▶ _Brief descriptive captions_
※ ※ ※
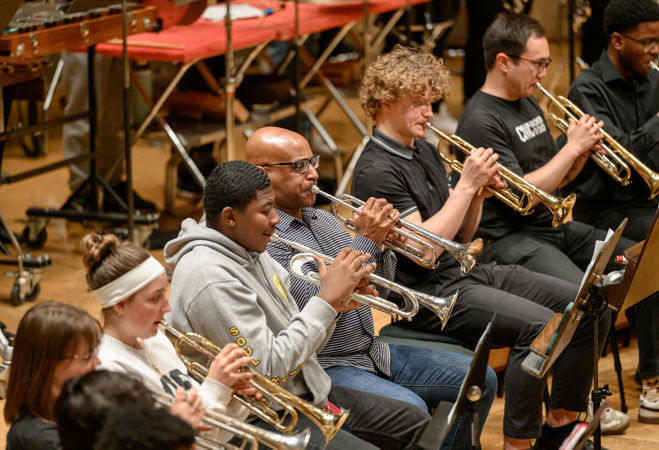 CSO trumpet Tage Larsen and students
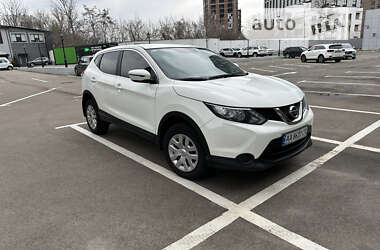 Внедорожник / Кроссовер Nissan Qashqai 2015 в Киеве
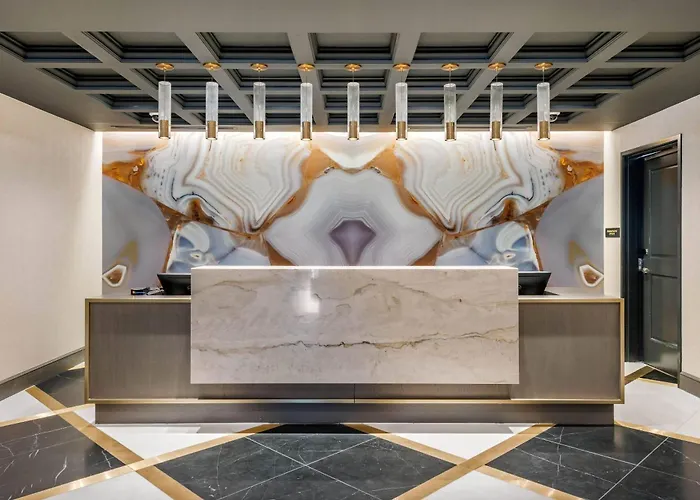 Cambria Hotel Houston Downtown Convention Center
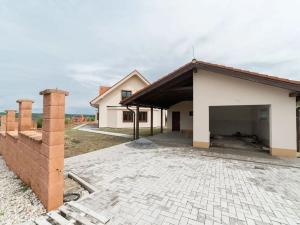 Prodej rodinného domu, Stará Huť, U Pískovny, 218 m2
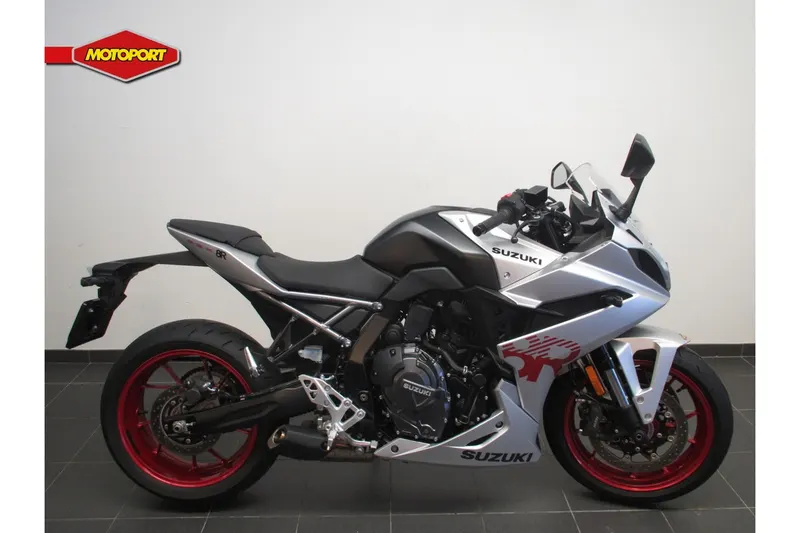 Suzuki GSX-8R (2025)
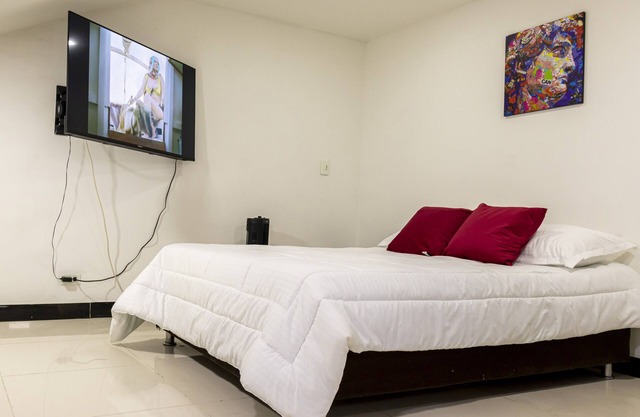 Duplex In Lleras Park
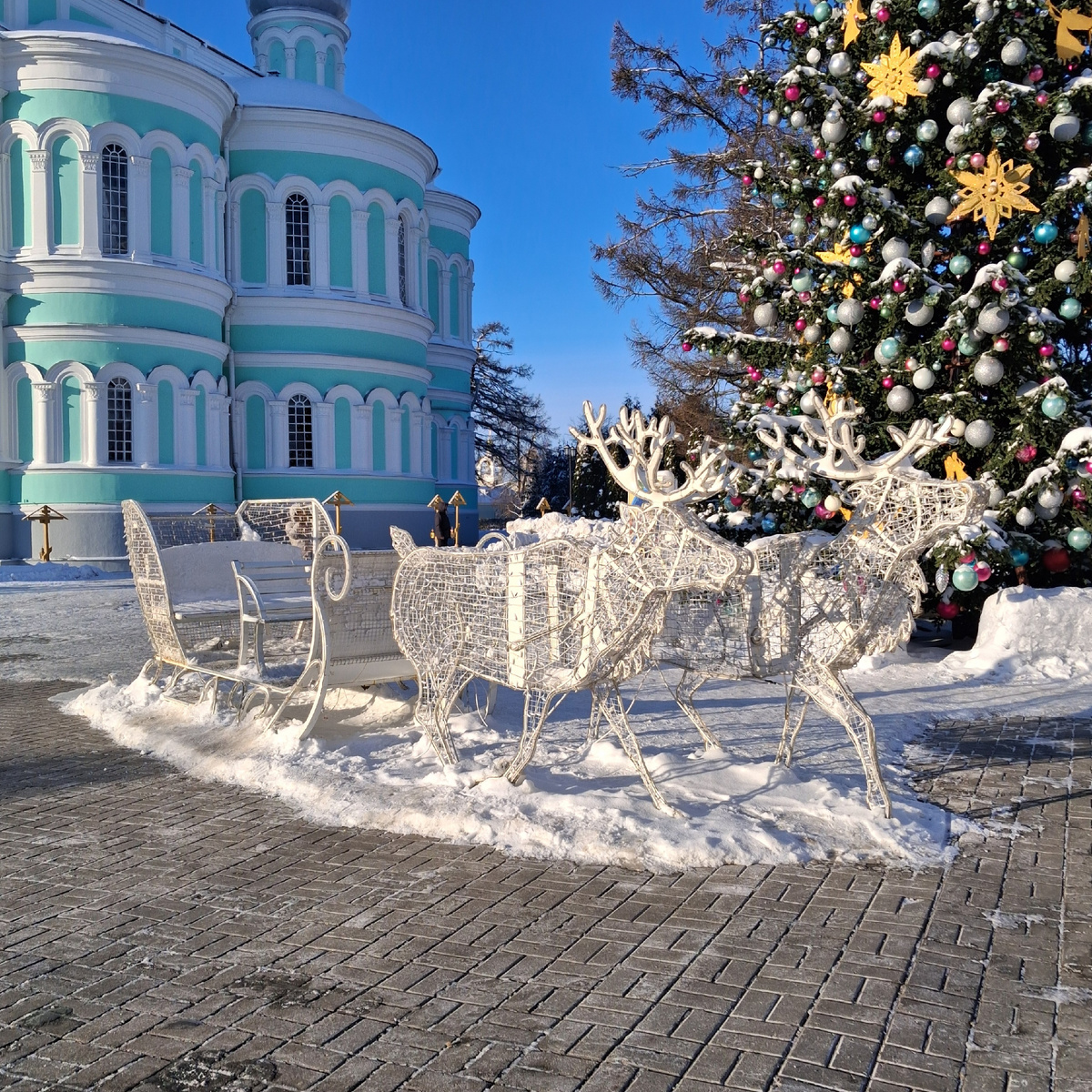 На территории обители. Фото автора. 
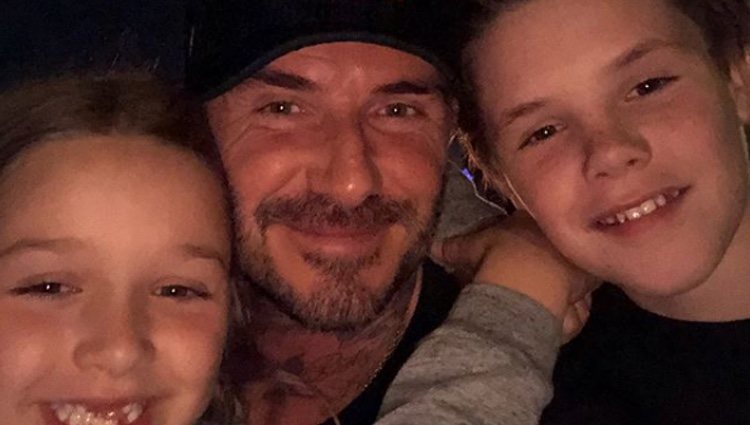 David Beckham en Disneyland junto a su hijo Cruz y su hija Harper Seven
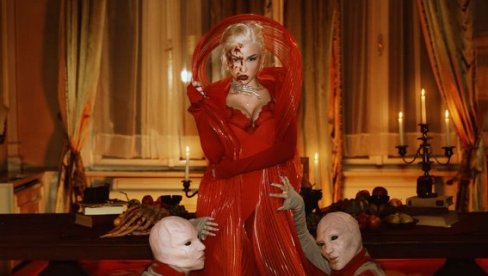 BRESKVICA KAO ATROPOS: Mlada muzička zvezda iznenadila javnost (FOTO) BRESKVICA KAO ATROPOS: Mlada muzička zvezda iznenadila javnost (FOTO)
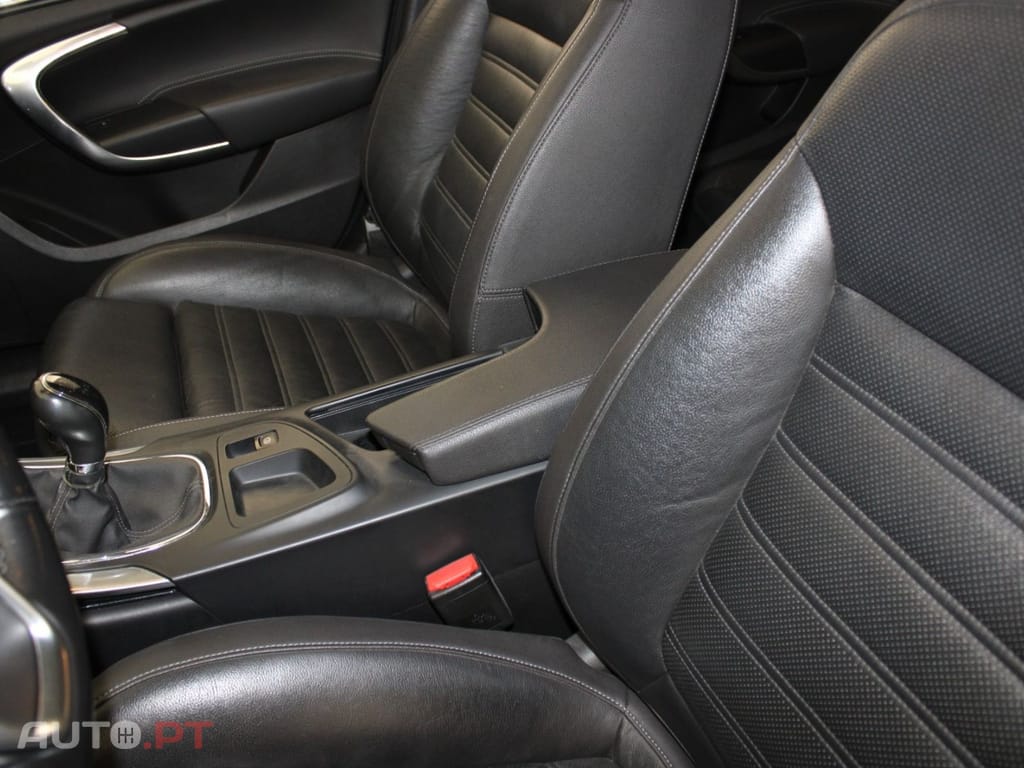 Opel Insignia 1.6 CDTI ECOFLEX I.V.A DEDUTÍVEL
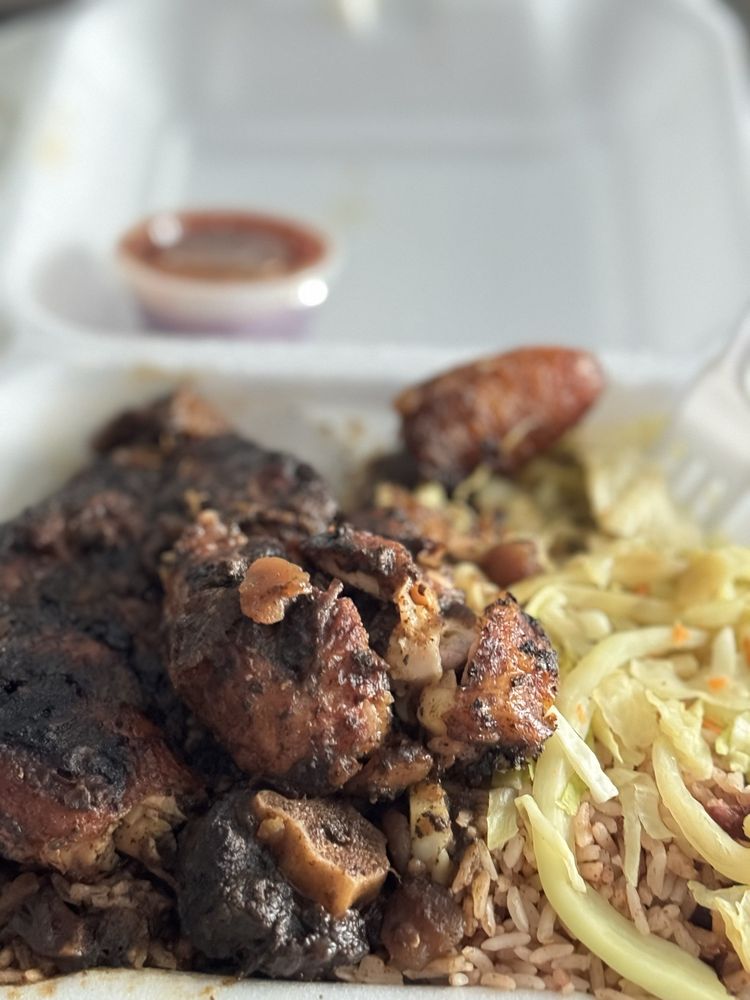 Food from Gud Vybz Jamaican Grill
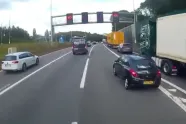 Andere verkeersregels!? Nederlandse automobilist heeft speciale manier van invoegen op Belgische snelweg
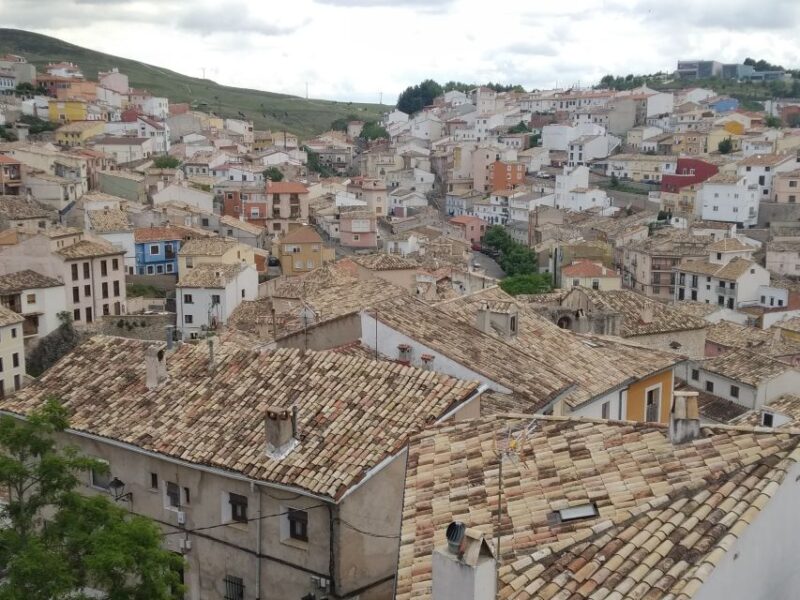 Cuenca: Nighttime Highlights Walking Tour in Spanish - The Guide’s Role in Making the Tour Memorable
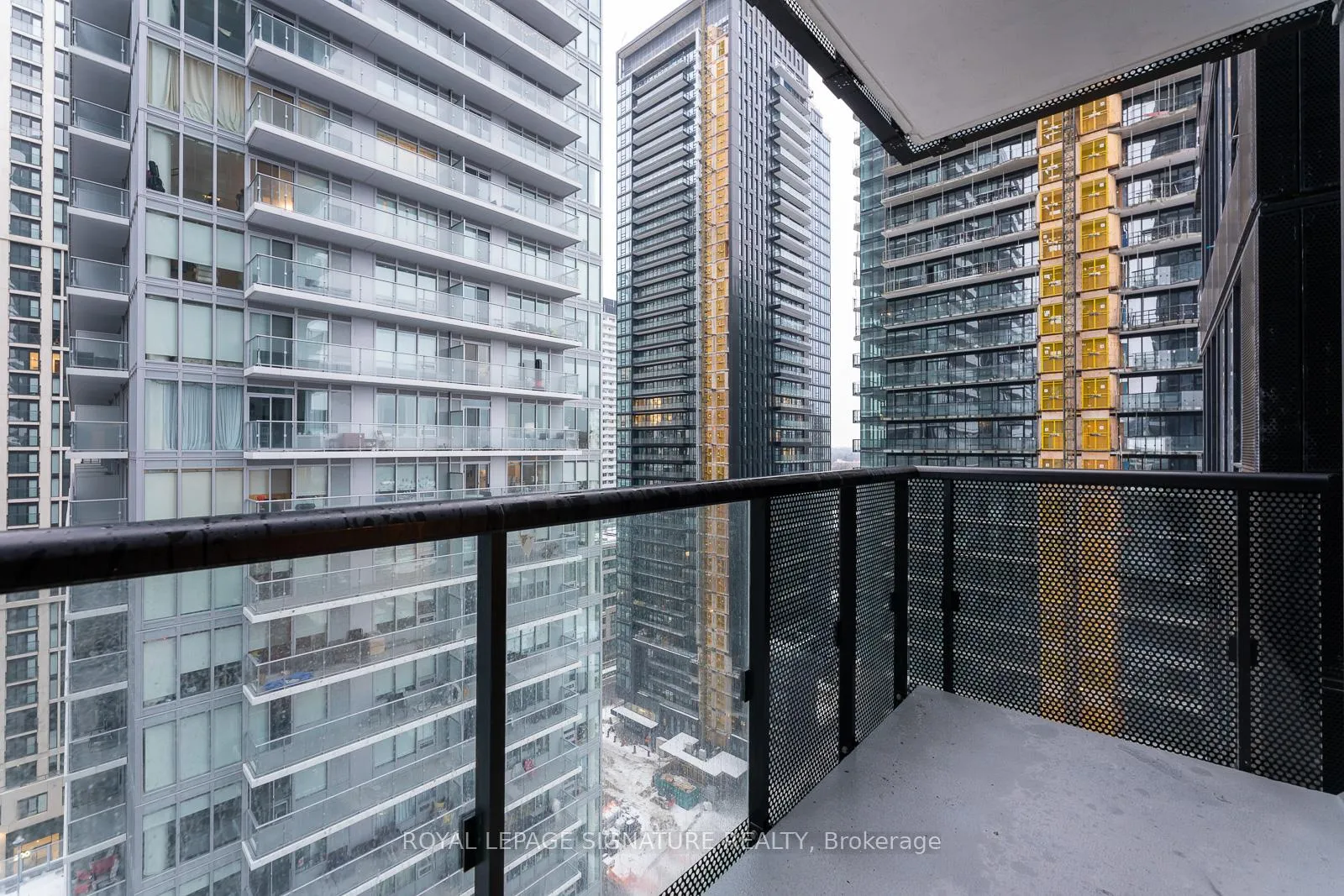 Photo 14 of Unit 1703, 117 Broadway Avenue, Toronto, Mount Pleasant West — HOMEH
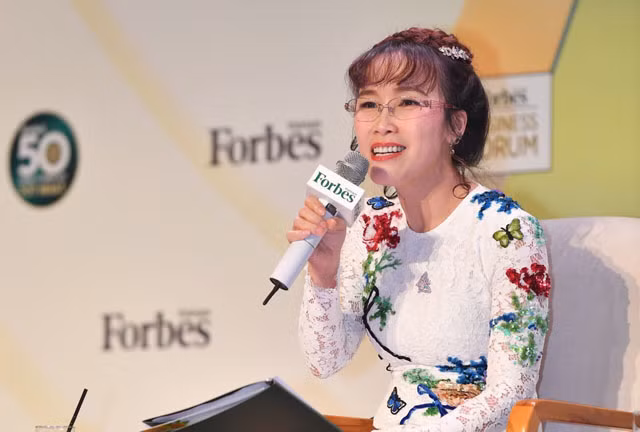 Bà Phương Thảo là một nữ doanh nhân, nữ tỷ phú USD đầu tiên của Việt Nam được Forbes ghi nhận sau tỷ phú Phạm Nhật Vượng. Phần lớn tài sản của bà Thảo đến từ số cổ phần đã niêm yết của Vietjet Air (mã chứng khoán VJC) sau khi hãng bay này IPO vào tháng 2/2017.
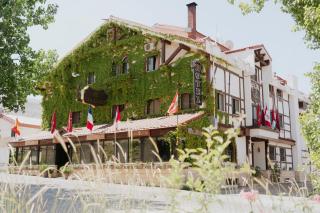 Le Cedrus Hotel - Al Arz - 9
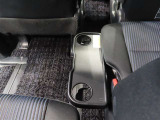 2列目サイドテーブルあり 車内での休憩便利です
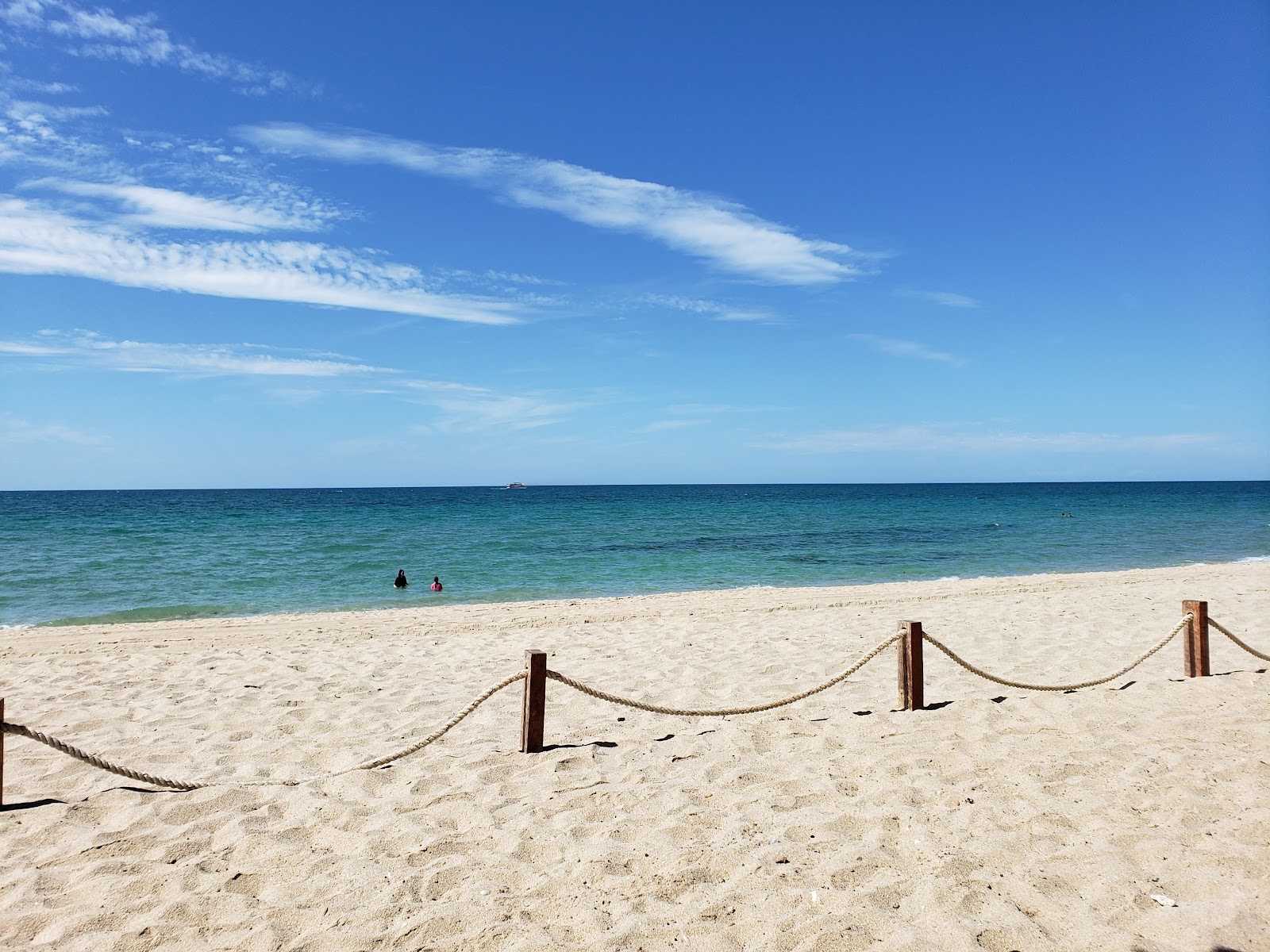 Fotografie cu Playa Hermosa - recomandat pentru călătorii în familie cu copii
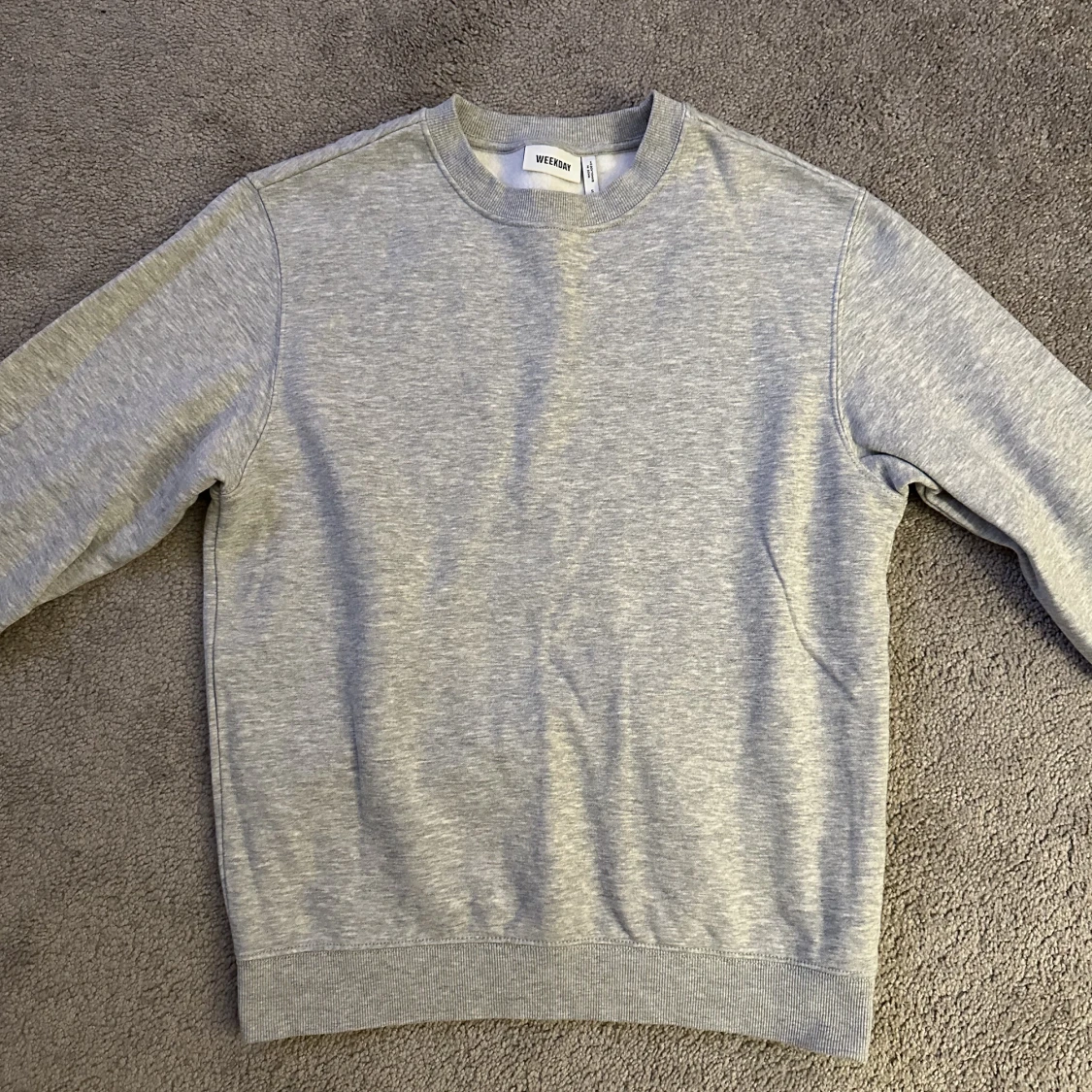 Ljusgrå Sweatshirt Weekday - 90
※ ※ ※
▶ _Task to carry out_
Write out the records above exactly. Begin with the first line, end with the line holding "На территории обители. Фото автора.", and drop the pictures.

▶ _Result for this task_
 CSO trumpet Tage Larsen and students
 Внедорожник / Кроссовер Nissan Qashqai 2015 в Киеве
 Cambria Hotel Houston Downtown Convention Center
 Prodej rodinného domu, Stará Huť, U Pískovny, 218 m2
 Suzuki GSX-8R (2025)
 Duplex In Lleras Park
 На территории обители. Фото автора. 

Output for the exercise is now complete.